病院で測定する血圧を「外来血圧」と言いますが、普段の血圧と外来血圧の差が激しい人が多く見うけられます。
「白衣性高血圧」といって、医師や看護師の前で測ると緊張から一時的に血圧が高くなる人。逆に外来血圧は正常なのに、
普段の血圧が高い「仮面高血圧」の人。白衣性高血圧の場合はそれほど心配ありませんが、仮面高血圧は日ごろの高血圧状態が
長時間に及ぶ場合があるため、脳卒中、心筋梗塞などの病気の発見の遅れや治療効果の判断ミスにつながりやすく、
合併症のリスクも高まるため、薬物による積極的治療が必要な場合があります。これらを判断するためには、日常生活での
血圧の変化を正しく把握する必要があるため、高血圧の人は血圧の自己測定を毎日行うことが大切なのです。

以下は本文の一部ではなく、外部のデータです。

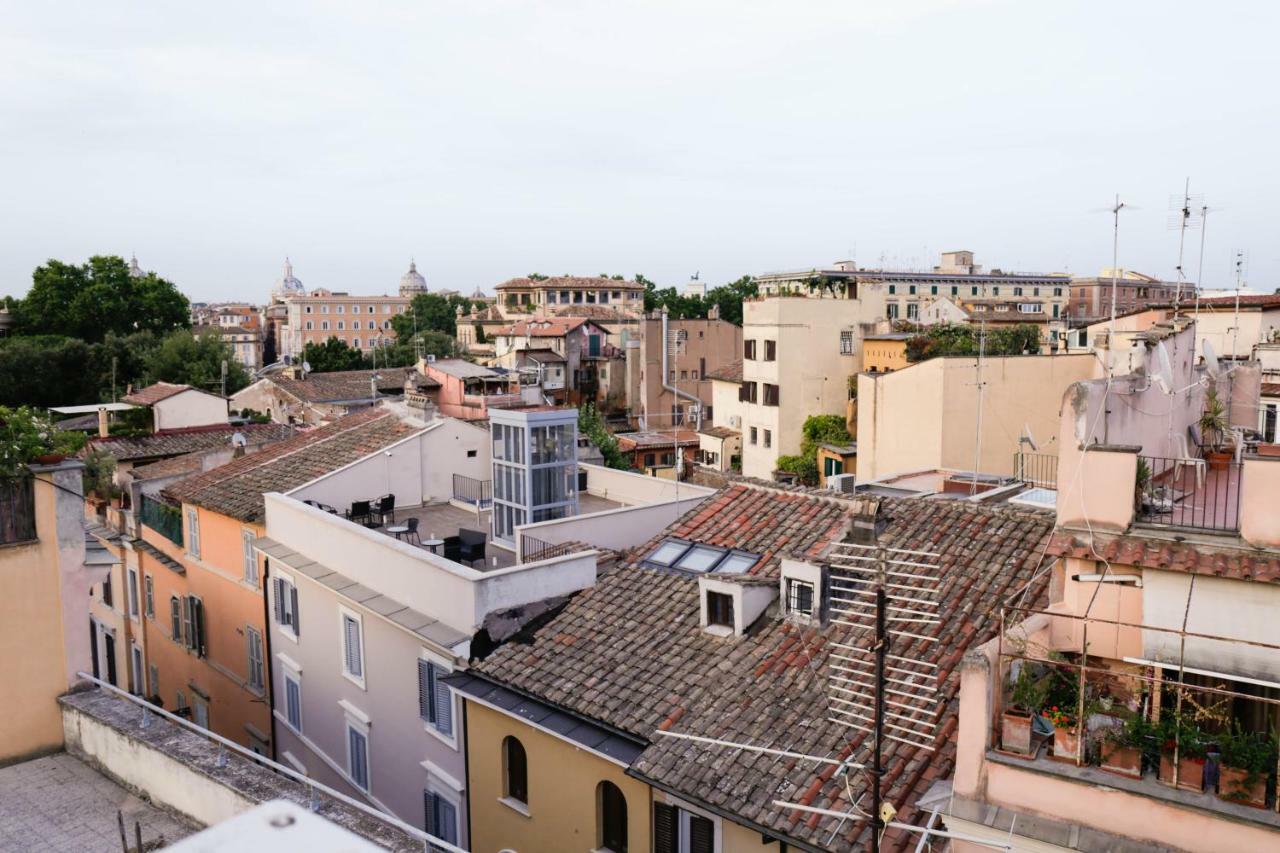 Apartamento Domus Titiana Amazing In Trastevere Roma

最近では家庭用血圧計が普及していますので、購入して自宅や職場で血圧を測定するのが一般的になっています。
家庭用血圧計はいろいろなメーカーから様々なタイプのものが販売されており、どんなタイプの血圧計を購入するべきなのか。
そして購入後はどのようなことに注意して血圧を測定すれば良いのでしょうか。

どんな家庭用血圧計を選んだらいいの?

血圧の測定方法には、カフを腕に巻いて血液の流れを止め、カフをゆるめて血液が流れ出した時の血管音を聞いて測定する
聴診法(コロトコフ法)と、途絶えた血液が流れ出したときの動脈壁の振動をセンサーで感知して測定する振動法
(オシロメトリック法)があり、病院では通常は聴診法が、家庭用血圧計の多くは振動法が採用されています。

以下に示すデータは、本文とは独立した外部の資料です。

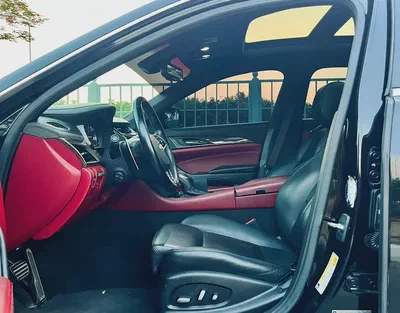 Cadillac CT5 Premium Luxury 2019 GCC Specs-14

血圧は上腕で測定するのが一般的ですが、最近ではいろいろなタイプの家庭用血圧計が手頃な価格で販売されており
上腕で測るタイプのほかに手首や指先で測定できる簡易なものまであります。日本高血圧学会の家庭血圧測定ガイドラインでは、
上腕で測るタイプが勧められています。手首や指先などの末端の血圧は変動しやすく測定値に大きな差が出ることがあるため、
基本的には上腕で測定するタイプをおすすめしますが、仕事での移動や宿泊の多い人などは、持ち運びが便利な手首で測定する
タイプを使用してみるのも良いかもしれません。その場合、病院での測定値と大差のないものを選ぶようにしましょう。

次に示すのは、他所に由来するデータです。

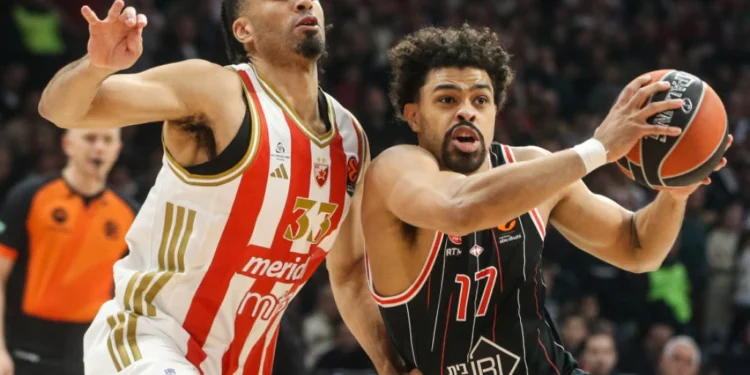 Звезда преокренула против Хапоела, Партизан поражен од Макабија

家庭用血圧計のメーカーは、オムロン、テルモ、ナショナル、シチズンなどがあり、ネット通販で購入することもできます。

血圧の測り方

血圧の自己測定は朝と晩の2回行いましょう。朝は起床後1時間以内の排尿後、朝食前、降圧薬の服用前に、晩は就寝前に、
座位5分程度の安静後に測定します。お手洗い後は5分以上、飲食、運動、入浴、喫煙後は30分以上経ってから測定する
ようにしましょう。また、血圧は状況や時間によって数値が変動するので、リラックスできる静かな環境で、できるだけ毎日
同じ時間に、同じ姿勢、同じ側の腕で測定します。測定は3回行い、値の近い2つの血圧値の平均を記録すると良いでしょう。
次にカフの巻き方ですが、肘のあたりに触れながら、上腕動脈(脈を打っている部分)を探します。カフのゴム袋の中心が
上腕動脈上になるように位置を決めて、カフの下端が肘の中心から指1本分上に、指が1本入る程度のきつさで巻きます。
家庭用血圧計の操作ミスで多いのがカフの扱い方です。きつく巻きすぎると実際の血圧より低くなり、ゆるく巻くと血圧は
高く表示されます。また、腕の細い人にはそれ用のカフがあります。測定する際は、背筋を伸ばしてイスに座り、上腕の
カフの高さが心臓と同じになるように、肘の下にタオルを置いて調節します。腕には力を入れず、リラックスしましょう。